Various market, administrative, and planning factors may cause small businesses to fail, but accounting mistakes are up there as one of the most notorious culprits behind business failure in the modern world. Planning your finances and keeping an up-to-date record of all cash outflows and inflows can help you make better decisions and show the real direction of your business’s progress. Read on for five tips to enhance your bookkeeping habits and streamline your growth.
1. Focus on record accuracy
Keeping accurate records is often easier said than done. Once you get into management, you realize just how hard it is to account for every coin that has moved in and out of its accounts. If there are invoices, receipts, and sales documents lying everywhere, it means you need to hire a CPA firm or accounting expert to assist with bookkeeping tasks.

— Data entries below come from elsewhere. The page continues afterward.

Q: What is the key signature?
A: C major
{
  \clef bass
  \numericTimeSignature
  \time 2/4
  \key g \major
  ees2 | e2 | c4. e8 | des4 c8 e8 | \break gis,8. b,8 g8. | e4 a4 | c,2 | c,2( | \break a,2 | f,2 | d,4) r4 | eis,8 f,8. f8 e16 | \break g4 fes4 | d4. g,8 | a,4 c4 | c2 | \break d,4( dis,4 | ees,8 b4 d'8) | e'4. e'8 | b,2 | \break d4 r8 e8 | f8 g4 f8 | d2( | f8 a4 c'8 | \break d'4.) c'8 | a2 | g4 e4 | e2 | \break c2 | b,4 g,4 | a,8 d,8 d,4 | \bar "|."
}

2. Know your tax deadlines
If you run a small limited liability company, you may be required to pay VAT, corporate tax, and PAYE quarterly. Each of these tax forms has a varying deadline that can lead to harsh penalties if not met. The best thing about working with a professional accountant is that they save you the hassle of identifying and managing your company’s tax obligations, including PAYE. All you need to do is find a reputable company to transfer the workload to and focus on increasing sales.

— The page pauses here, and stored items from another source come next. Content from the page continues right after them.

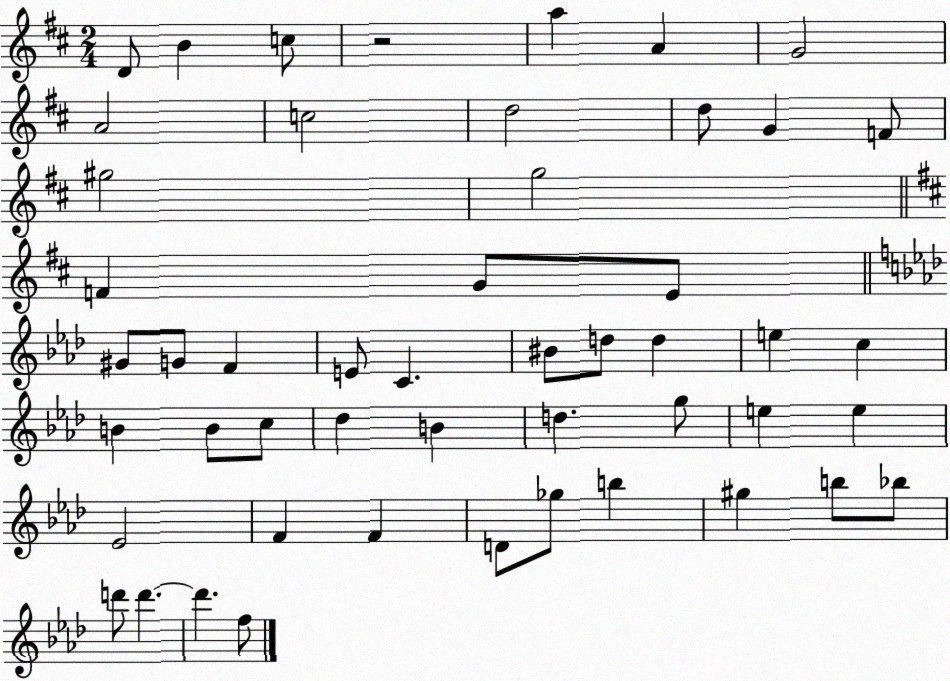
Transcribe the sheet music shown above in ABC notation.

X:1
T:Untitled
M:2/4
L:1/4
K:D
D/2 B c/2 z2 a A G2 A2 c2 d2 d/2 G F/2 ^g2 g2 F G/2 E/2 ^G/2 G/2 F E/2 C ^B/2 d/2 d e c B B/2 c/2 _d B d g/2 e e _E2 F F D/2 _g/2 b ^g b/2 _b/2 d'/2 d' d' f/2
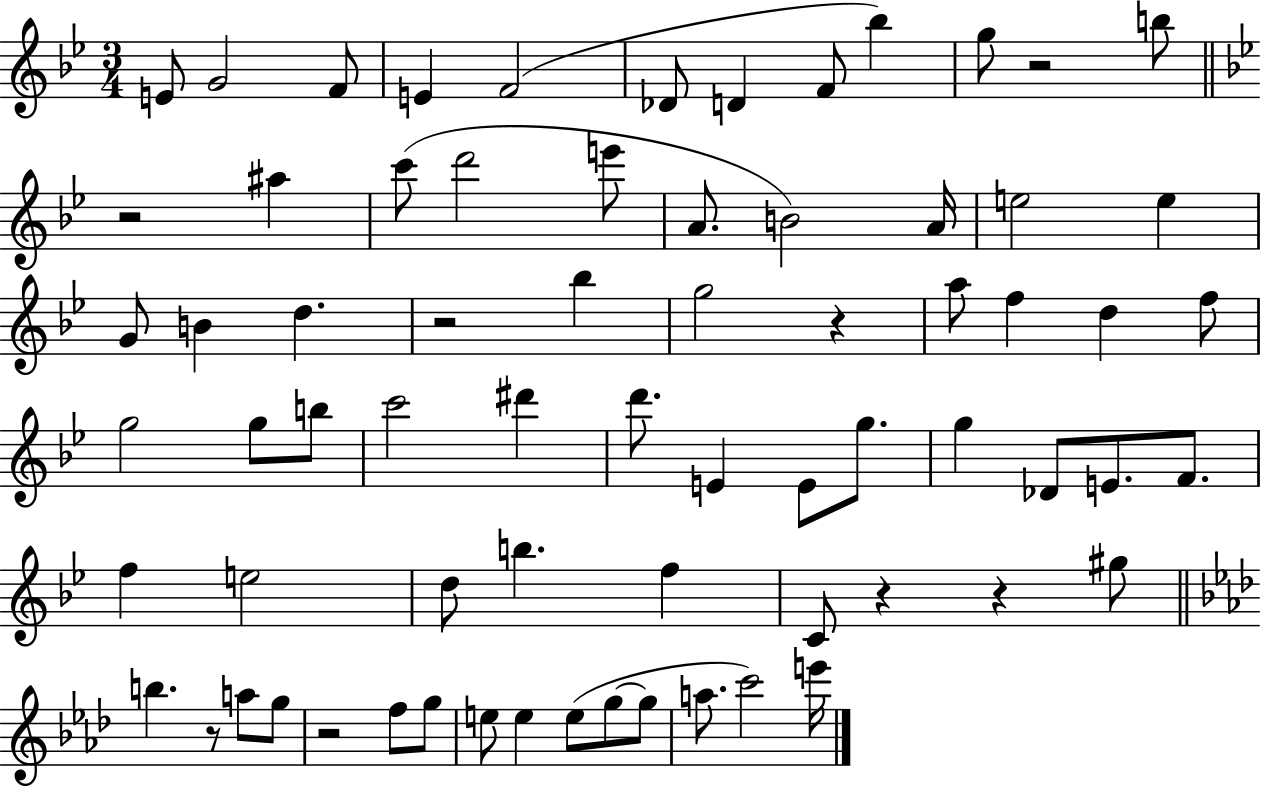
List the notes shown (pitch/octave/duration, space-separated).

3. Use cloud-based accounting services
In this digital era, failing to use accounting software – whether you are doing it yourself or with the help of a CPA firm – can be detrimental to your bottom line and give competitors the edge on you.
The market offers some of the most sophisticated yet easy-to-use software and can help unify your company’s financial activities for easier assessment and interpretation. It may take a while to get the hang of such systems, but if chosen carefully, an accounting software program is bound to increase your accounting accuracy and save you tons of money in labor costs.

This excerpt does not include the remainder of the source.